Last Wednesday, a small group of Friends folks and I began a study on the life and letters of the Apostle Paul. This mid-summer bible study has become a tradition that I’ve enjoyed offering the last few years. We’ve had some great conversations over texts as diverse as Romans and Leviticus, but this year are taking a wider view than just one book, and looking at Paul in all his depth and complexity.
For many of us, Paul and his writings provoke some complicated feelings. He wrote some of the most beautiful and rich passages in the bible—his meditations on love in I Corinthians, his assertion that nothing can separate us from God’s love in Romans—are a balm in times of joy and sorrow. But his writings have also been used to exclude and condemn some of us; women have been told that their call to proclaim the gospel and serve God’s people is not valid, based on a reading of some of the writings attributed to him. Those of us in the LGBTQ community have been told that we are not worthy of grace, that we don’t belong in God’s kingdom. Suffice it to say, Paul can be complicated.

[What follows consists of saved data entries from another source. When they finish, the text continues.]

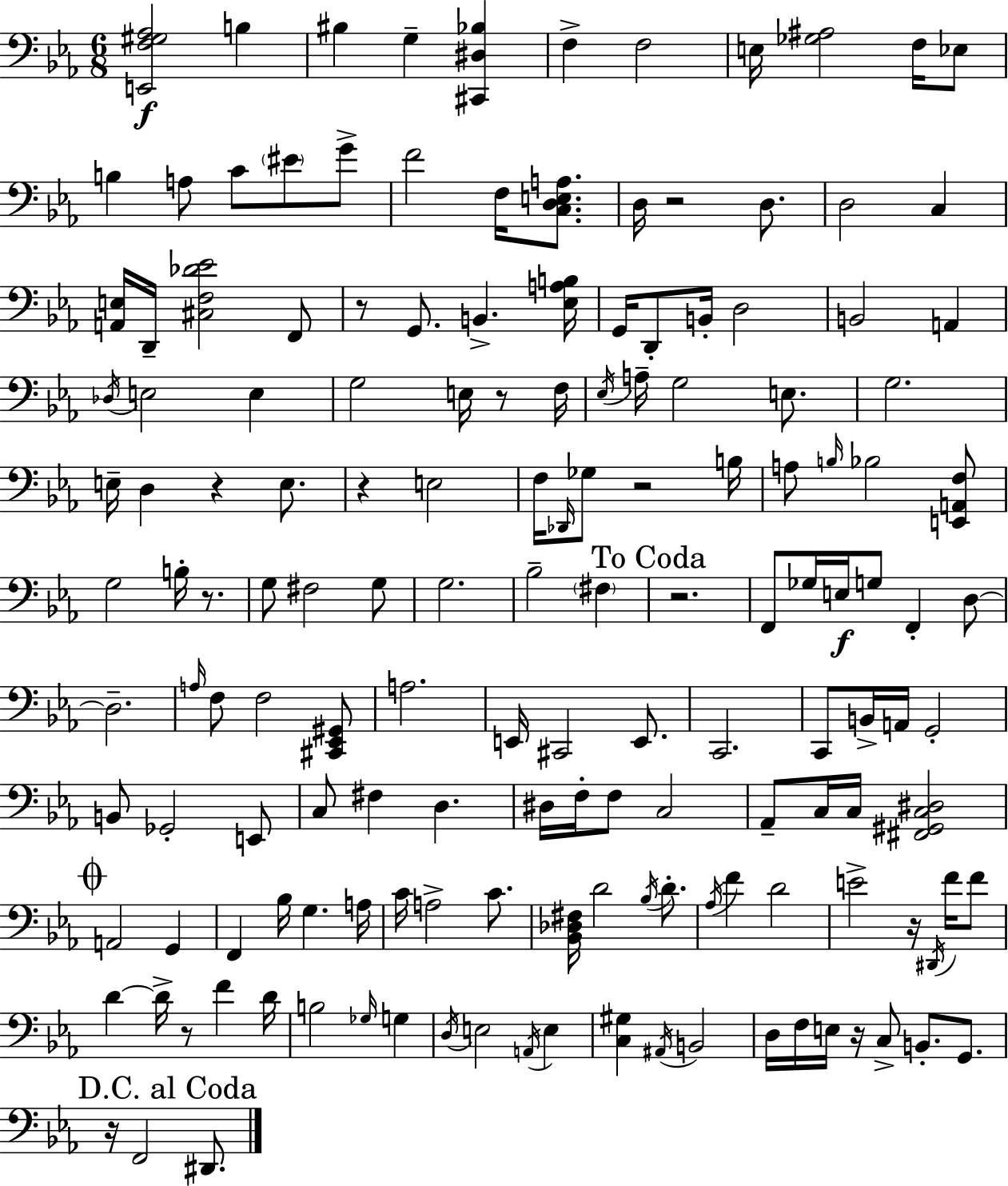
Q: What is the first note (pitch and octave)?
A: B3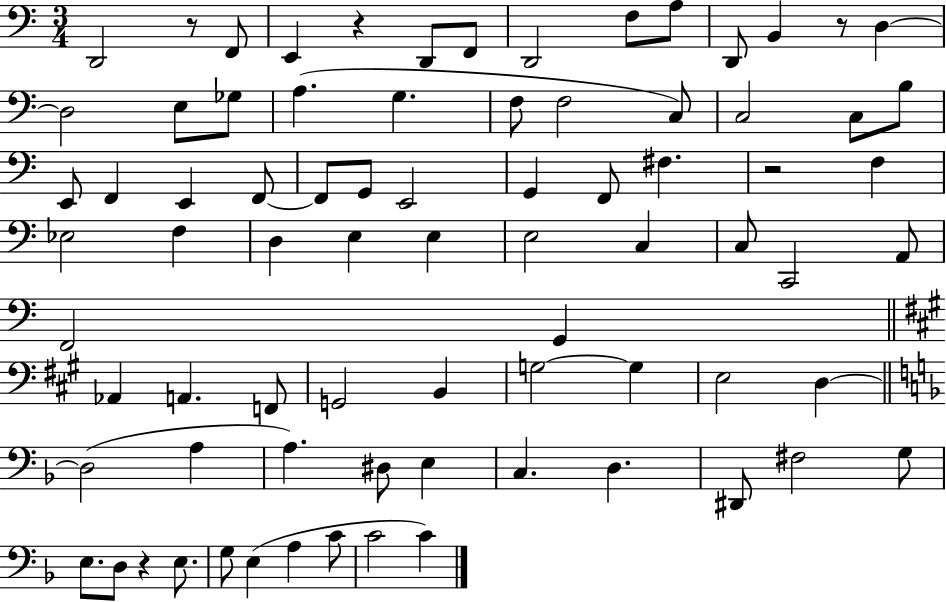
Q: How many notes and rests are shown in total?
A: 78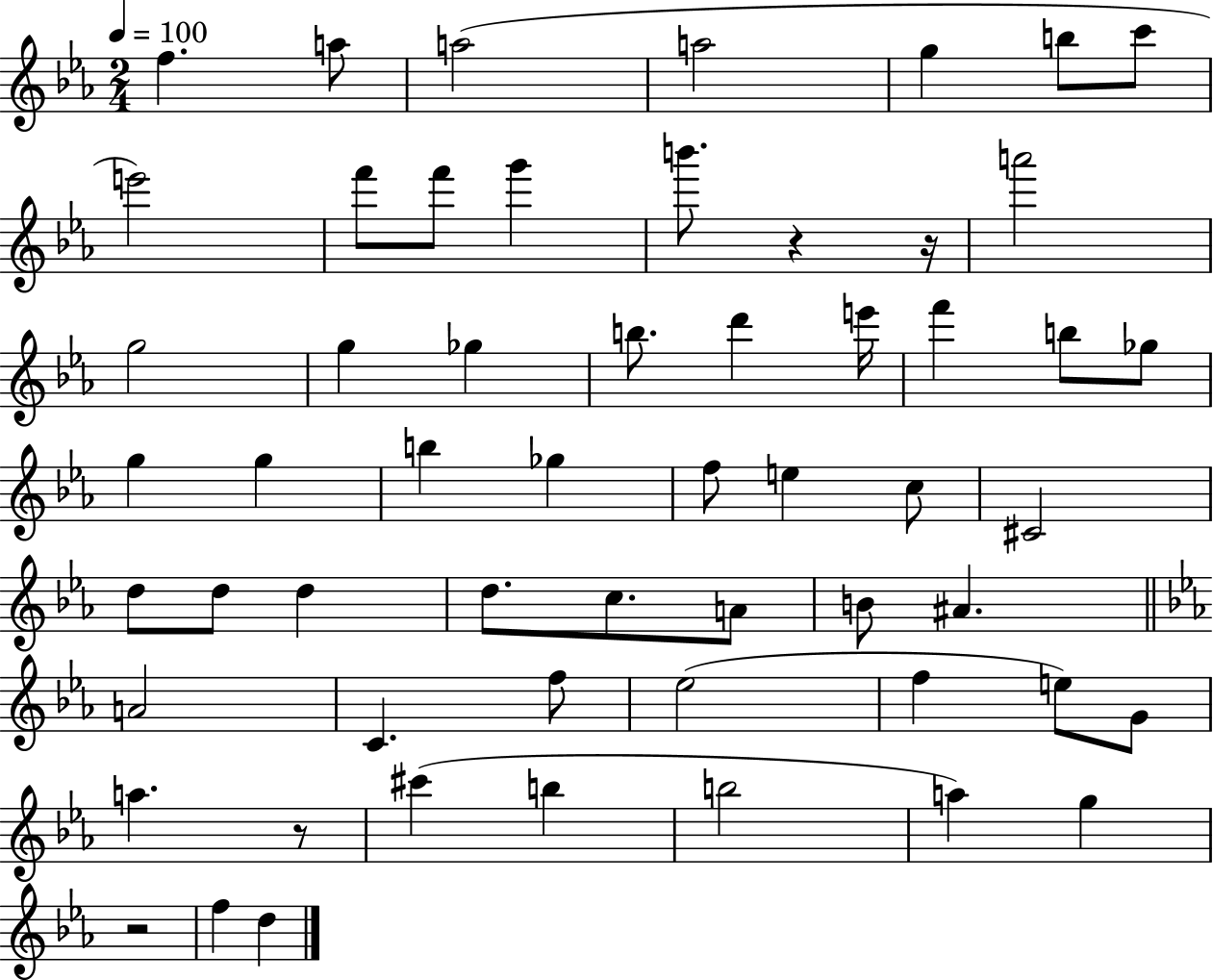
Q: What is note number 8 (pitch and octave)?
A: E6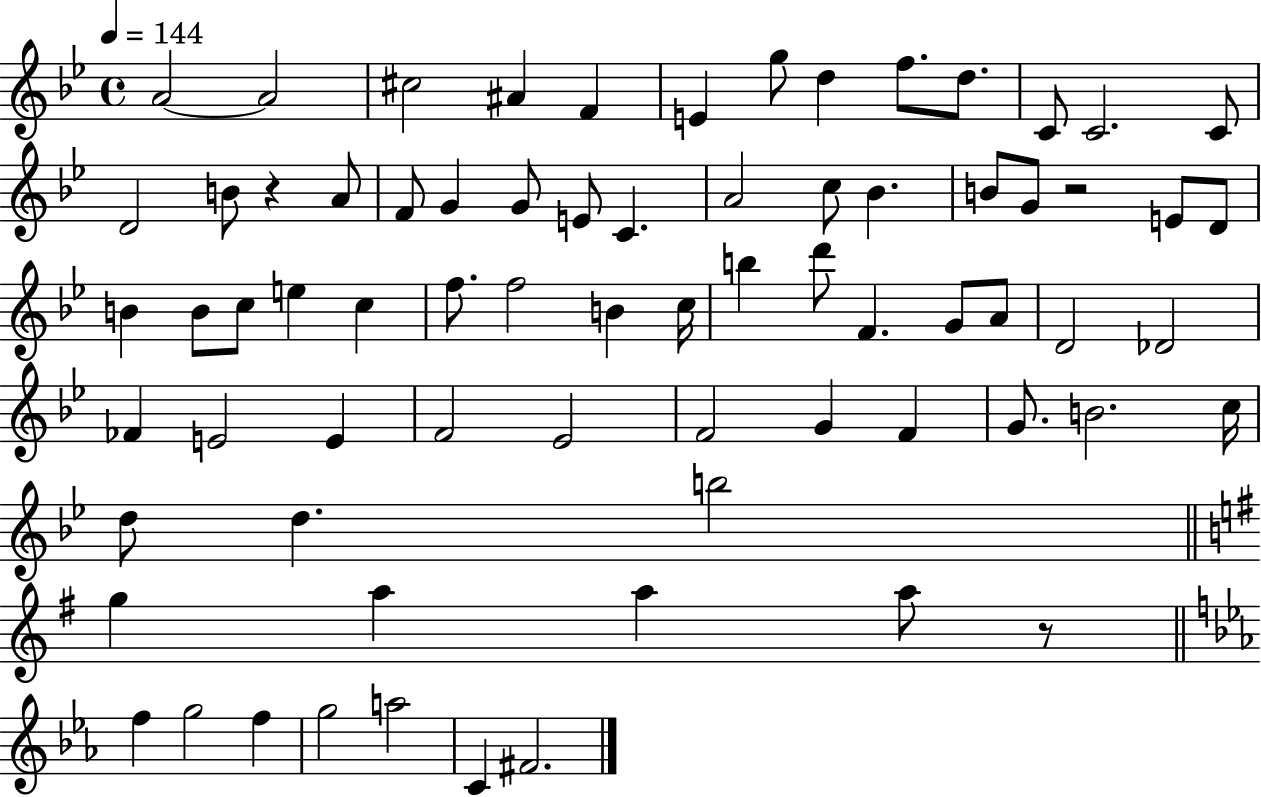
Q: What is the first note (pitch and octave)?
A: A4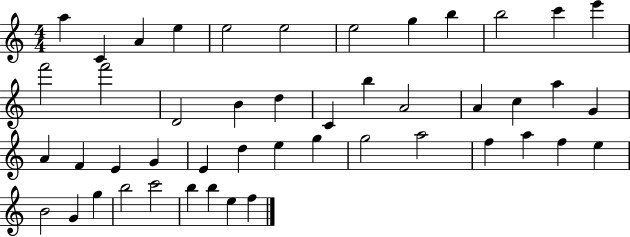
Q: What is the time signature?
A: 4/4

Which is exactly why I wanted to explore him and his writings together with my Friends Church family. Scripture—not just the writings of Paul, but all of it—can be like that. Beautiful, terrifying, complicated, frustrating. Which is why we need to wrestle with it, plumb its depth, seek to understand—together, in community, hearing and sharing our experiences and learning from one another. In the United Church of Christ, we like to say that “God is still speaking,” and one of the ways we hear that divine voice is in community as we share with each other our own learnings, experiences, and questions.
That wrestling and struggling, seeking to hear the divine voice and receive a blessing, was my experience with Paul and other bible passages when I was coming out. I read and prayed, I listened to what others had learned and discovered, and I ultimately came away with a new understanding of these ancient texts and what they had to say to us today. Like the patriarch Jacob after his night wrestling with an angel, I came away with a limp, but with a blessing—to share the radically inclusive love of God with everyone.

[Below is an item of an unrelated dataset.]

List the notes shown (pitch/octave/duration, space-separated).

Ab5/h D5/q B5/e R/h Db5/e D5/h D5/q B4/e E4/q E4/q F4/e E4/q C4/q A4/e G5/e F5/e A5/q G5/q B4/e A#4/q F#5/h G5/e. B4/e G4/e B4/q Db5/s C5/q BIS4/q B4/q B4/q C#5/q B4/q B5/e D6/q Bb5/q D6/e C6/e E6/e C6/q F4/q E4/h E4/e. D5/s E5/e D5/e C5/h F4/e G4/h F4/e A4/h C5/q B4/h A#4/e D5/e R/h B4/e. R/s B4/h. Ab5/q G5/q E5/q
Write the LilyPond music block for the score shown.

So if you’re uncertain, struggling, asking questions—or if you’re secure and certain in your faith and understanding—wherever you are on the journey, you belong. Join us on Wednesday evenings at 7:00 to share and learn if you’re able, but know that your story matters. One of our Pilgrim forebears, John Robinson, told the small band of settlers in Massachusetts Bay in 1620 that “God hath yet more light and truth to break forth from his holy word.” There is always more that we have to learn, more light and more truth. Together, let us listen for the still-speaking voice, through the bible yes, but most of all, through each other.